A couple of years ago a close friend of mine attended the Tom of Finland exhibition at Taidehalli with her colleagues. One, a married mother, left in disgust explaining that she’d been made to feel physically sick.
I was reminded of this story while watching an outstanding documentary about photographer Robert Mapplethorpe’s life and revolutionary work this week on YLE Areena. His imagery has also appeared in Helsinki, at Kiasma.
Mapplethorpe faced severe criticism in his time because of the subject matter he depicted through his lense. It was shocking for many to see intimacy, particularly homosexual sexuality, brought from the bedroom into the art gallery.
There’s a scene in the film where labourers working near an underground club regularly acquainted by Mapplethorpe decry the vulgarity and depravity and the mental sickness this gay hangout visits upon the neighbourhood. Mapplethorpe’s work is somehow seen as an extension of that immorality.
The documentary, like Mapplethorpe’s life, is full of enraged men screaming that his work should be banished and holding protests at art galleries, explaining why someone else’s sexuality and intimacy is wrong.
I wondered what their reactions would have been if every beautifully composed photograph of a black penis was substituted with a vagina or pair of breasts, the lines of a flower used to evoke a woman’s back instead.
And it reminded me of my friend’s colleague’s reaction to Tom of Finland, just as offended in 2016 by the sight of a sketched, almost comically exaggerated penis in an art gallery. But a reaction to what? To one’s own intolerance certainly.
So much of Mapplethorpe’s work was simple and powerful, showing what we all know to be human. Intimacy, sexuality, love, nudity, arousal.
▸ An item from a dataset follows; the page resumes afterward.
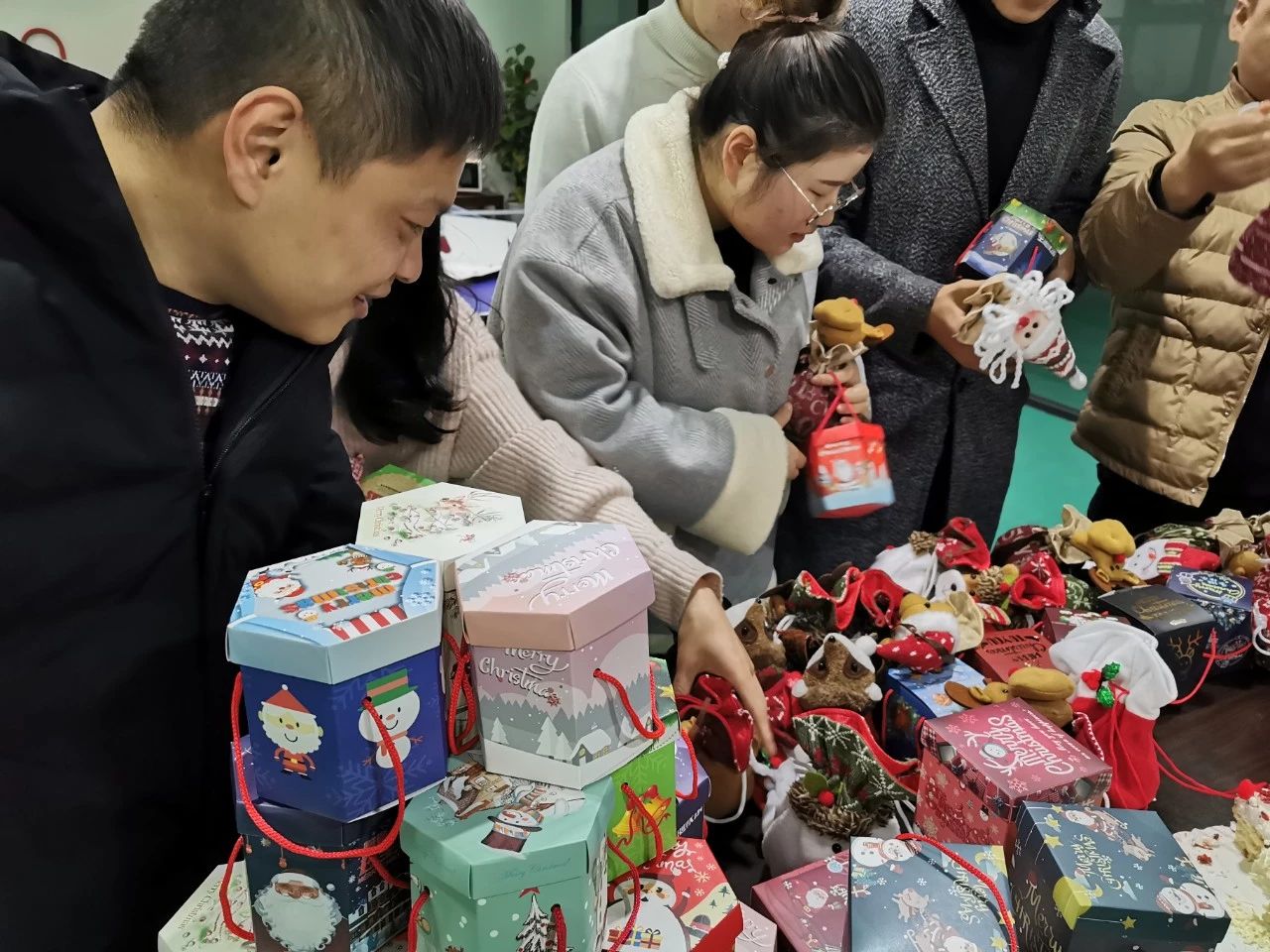圣誕主題生日趴 | 濃情暖意平安夜，誕愿有你共前行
He celebrated homosexuality and sent a powerful message to those who wanted to pretend homosexuality didn’t exist.
Hearing about my friend’s colleague’s reaction to Tom of Finland annoyed me enormously because essentially she was repulsed by the depiction of someone else’s sexuality; a sexuality that is as worthy and right as her own. But her reaction also pleased me because she’d been forced to recognise a reality even though it wasn’t her own.
With Helsinki Pride upon us it’s a good time to remember the people and movements that have faced down intolerance, standing up to those who seek to control other people’s bodies, thoughts and sexuality.